GERMANIA ANNO ZERO (Deutschland im Jahre Null, Roberto Rossellini, Italien/D 1948, 19. & 24.5.) Der letzte Teil von Rossellinis Nachkriegstrilogie ist im zerbombten Berlin angesiedelt. Der zwölfjährige Edmund muss alleine für den Lebensunterhalt seiner Familie sorgen, sich jeden Tag neu um die Beschaffung von Essen kümmern, und erfährt dabei von seiner Umwelt vor allem Ablehnung. Keiner der vielen Menschen, mit denen er zu tun hat, bietet ihm Orientierung oder Halt. Keine Stunde Null sah Rossellini in Deutschland: Er zeigt das zerstörte, korrumpierte Berlin und die Befindlichkeit der Deutschen nach Kriegsende. Auch wenn der Krieg beendet ist, wirkt das barbarische Nazi-Gedankengut weiter, so in Edmund und seinem früheren Lehrer, der ihn anstiftet, seinen kranken Vater zu vergiften.

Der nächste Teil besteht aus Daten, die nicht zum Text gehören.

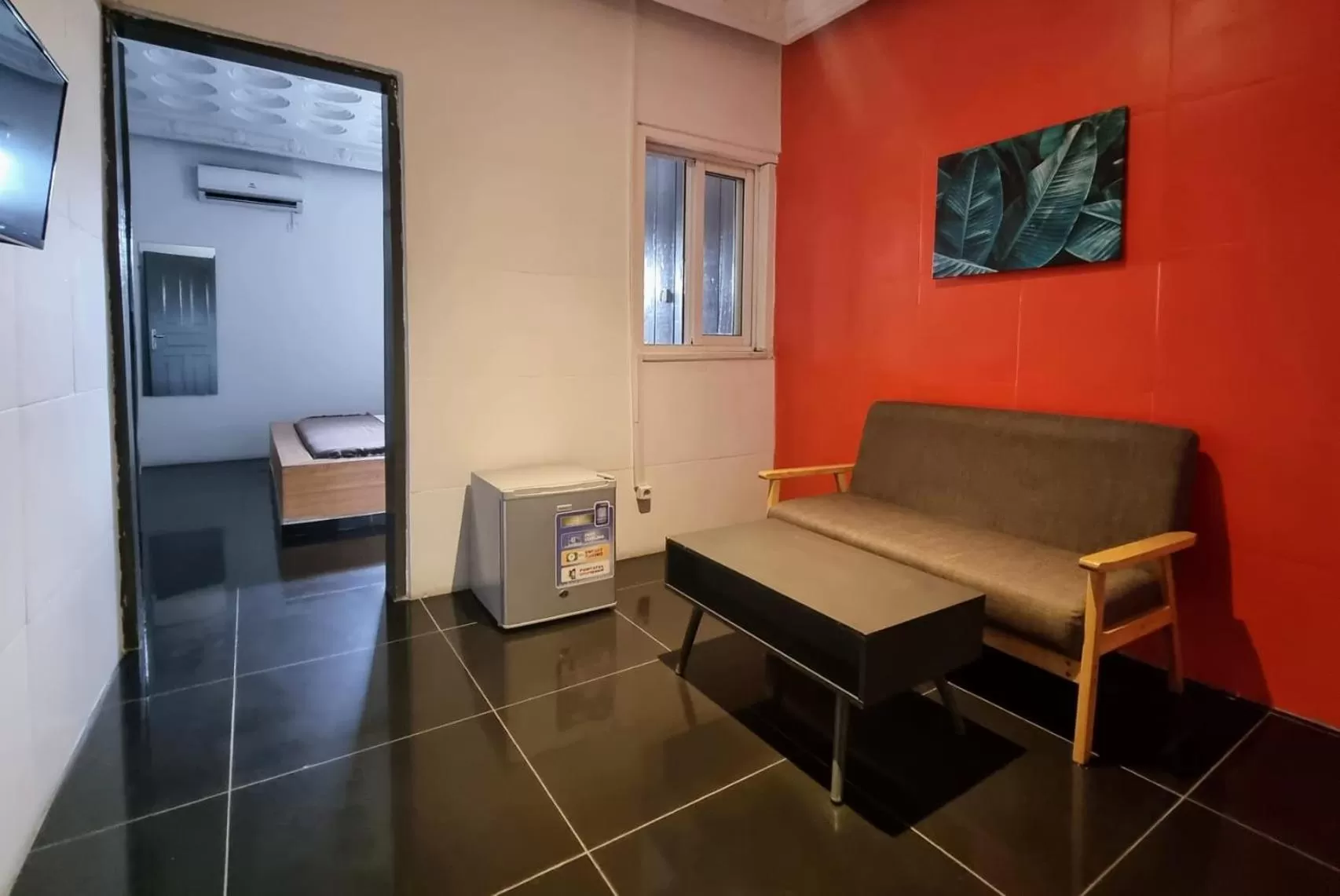 Communal lounge/ TV room, Seating Area in La Maison de Kouadio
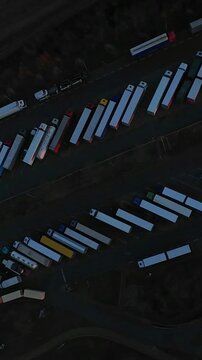 Vertical Screen Aerial View Of Convoy Reroute At Terminal Showing Trailers Shifting Lanes And Coordinated Movement, Dynamic Depot Scene With Vehicles Navigating Constrained Lanes, Urgency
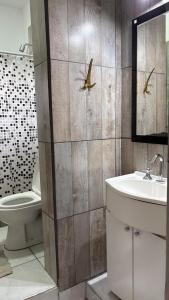 ein Badezimmer mit einem Waschbecken und einem WC mit Vögeln an der Wand in der Unterkunft Hospedaje Golden  + 23 Fotos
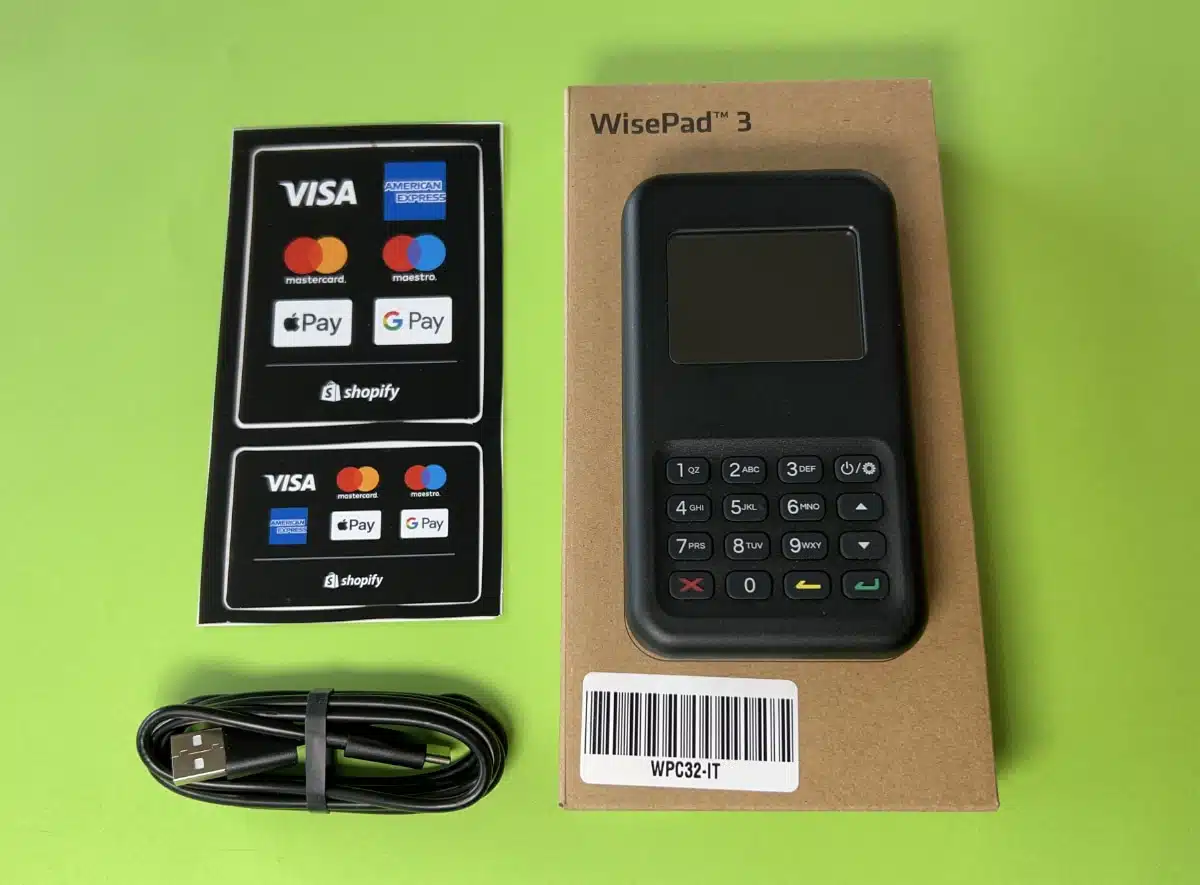 Shopify card reader on box and next to decals and charging cable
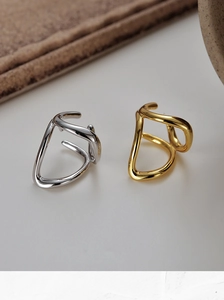 Detail view of gold and silver minimalist wavy hollow lines rings with polished finish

DIE BITTEREN TRÄNEN DER PETRA VON KANT
(Rainer Werner Fassbinder, BRD 1972, 20. & 29.5.) Die erfolgreiche Modedesignerin Petra von Kant (Margit Carstensen) lebt in einer Luxus-Wohnung zusammen mit ihrer Dienerin Marlene (Irm Hermann). Sie verliebt sich leidenschaftlich in die jüngere Karin (Hanna Schygulla), von der sie jedoch nur ausgenutzt wird. Als Karins Mann nach längerer Abwesenheit aus Australien zurückkehrt, verlässt sie Petra. Diese bietet Marlene, die sie wie ein Möbelstück behandelt hatte, Freiheit und Vergnügen an. Marlene, die nie ein Wort sprach, packt den Koffer und verlässt Petra. Fassbinders enormer Output als Regisseur war nur möglich durch die kontinuierliche Arbeit mit einem festen Team, das er in familienähnlichen Strukturen an sich band. "Ich stelle mir vor, im Rahmen einer gut aufeinander eingespielten Gruppe, in rascher Folge billige Filme machen zu können, womöglich in eigener Produktion, um mir eine weitgehende Realisationsmöglichkeit meiner Ideen zu verschaffen." (Rainer Werner Fassbinder)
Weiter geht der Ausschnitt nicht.